Over three-quarters of B2B marketers see digital marketing transformation (DMT) as a complex strategy to execute, with barriers such as expense holding them back, according to research.
Some 81% of B2B companies think that pursuing DMT is important for their companies, rising to 91% for larger enterprises, but many still have a way to go according to a new report by B2B Marketing and Stein IAS.
The report, Accelerating your digital marketing transformation: B2B leaders share their journeys, reveals Stein’s first quantitative study of 450 senior marketers into how B2B brands are undertaking their transformation journeys.
The research also shows that the ability for marketing to directly contribute to revenue growth and the ability to deliver a connected customer experience from brand, to demand, to in-life are the biggest drivers of DMT.
As well as quantitative research, the report also features insights into how senior leaders have approached their own strategies, with case studies from Emma Parker at Ingredion, Eric Andrews at Oracle, Gary Hurry at Thomson Reuters, and Paul Stevenson at O2.
Speaking about his digital marketing transformation journey in the report, Eric Andrews, senior director product development, Oracle, said: “Buyers are delaying engaging with sellers until much later in the funnel because they can do their own research online – so marketing in general and digital marketing in particular have become more important. Oracle competes with the likes of Google, Amazon and Microsoft, so we need to be faster and more consistent.
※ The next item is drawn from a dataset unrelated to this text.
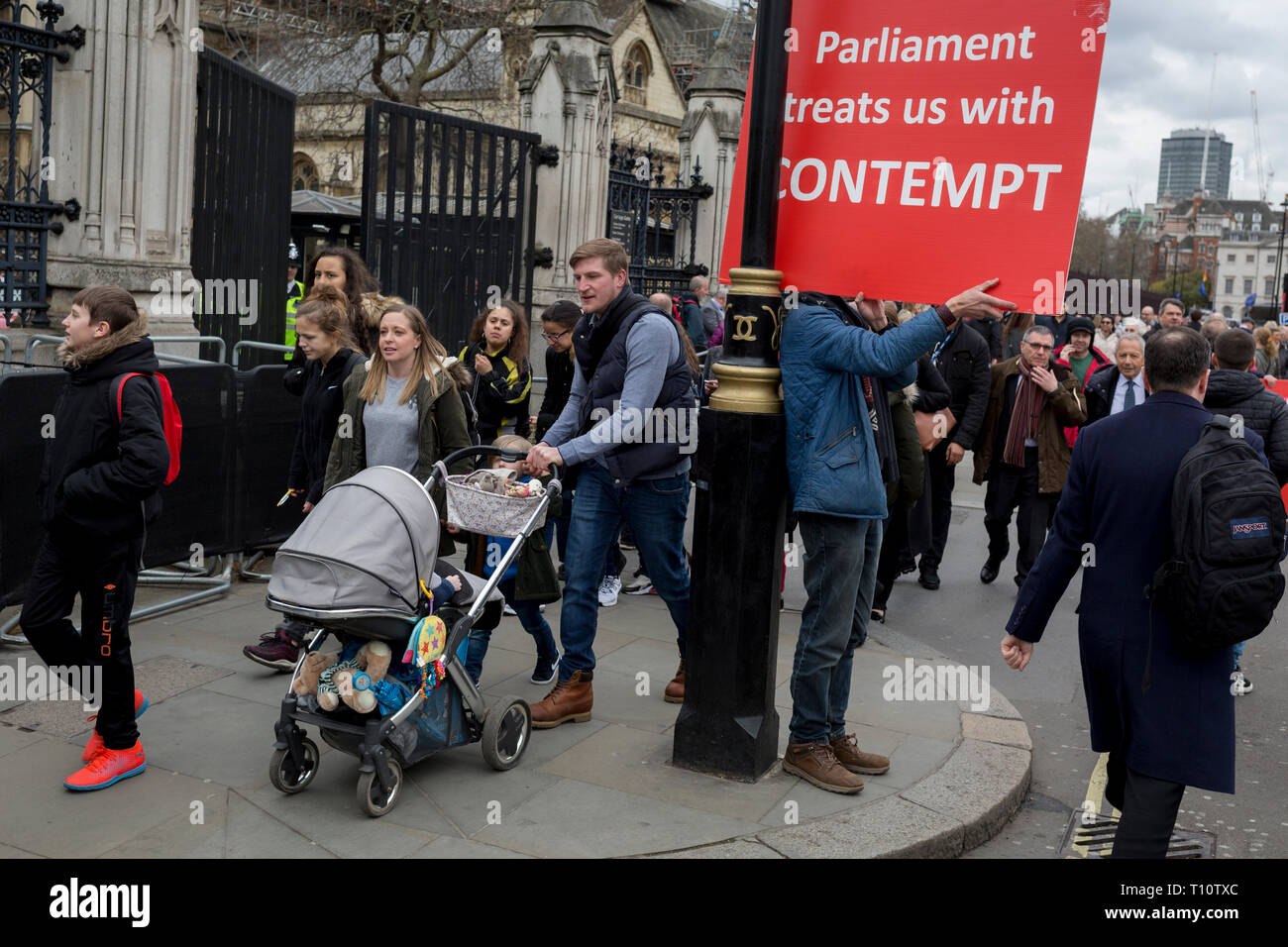 A day after Commons Speaker John Bercow announced his refusal to accept Prime Minster Theresa May's third Brexit Meaningful Vote, a Brexiteer holds a sign about parliament's contemptuous treatment of its people, on 19th March 2019, in London, England. Stock Photo
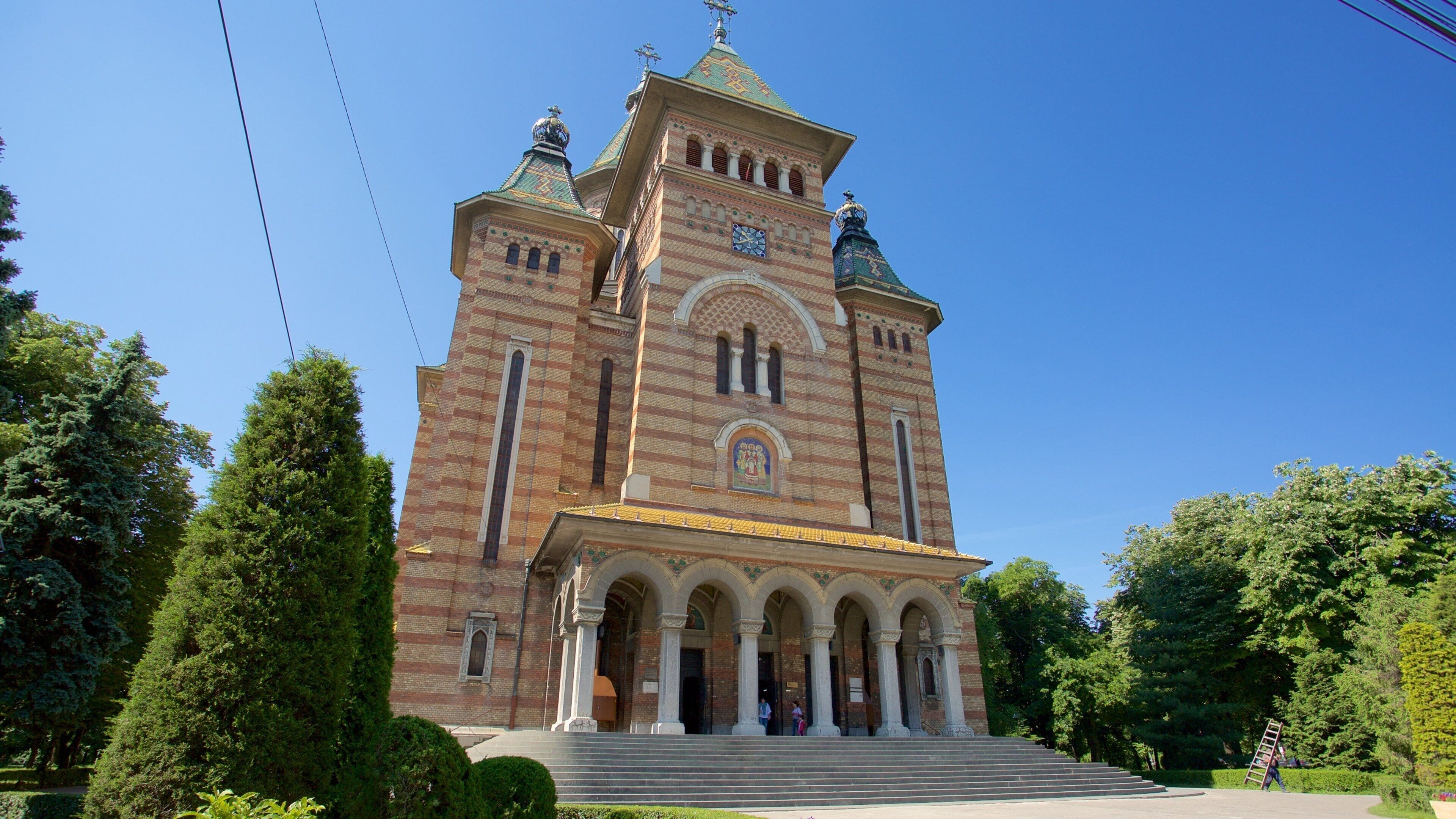 A large brick church with a clock tower and a dome.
The only way to do this is to digitally transform our marketing.”
Marc Keating, chief innovation officer, Stein IAS, said: “Our study results strongly indicate that, along with intense interest in DMT, there are significant challenges in navigating complexity, prioritising investment and realising the benefits. In many instances, DMT has evolved in a more tactical and agile way, as opposed to starting with a prioritised roadmap aligned with business objectives … it’s evident the industry lacks solid frameworks and models to guide effective DMT maturity measurement, benchmarking and strategic vision setting.”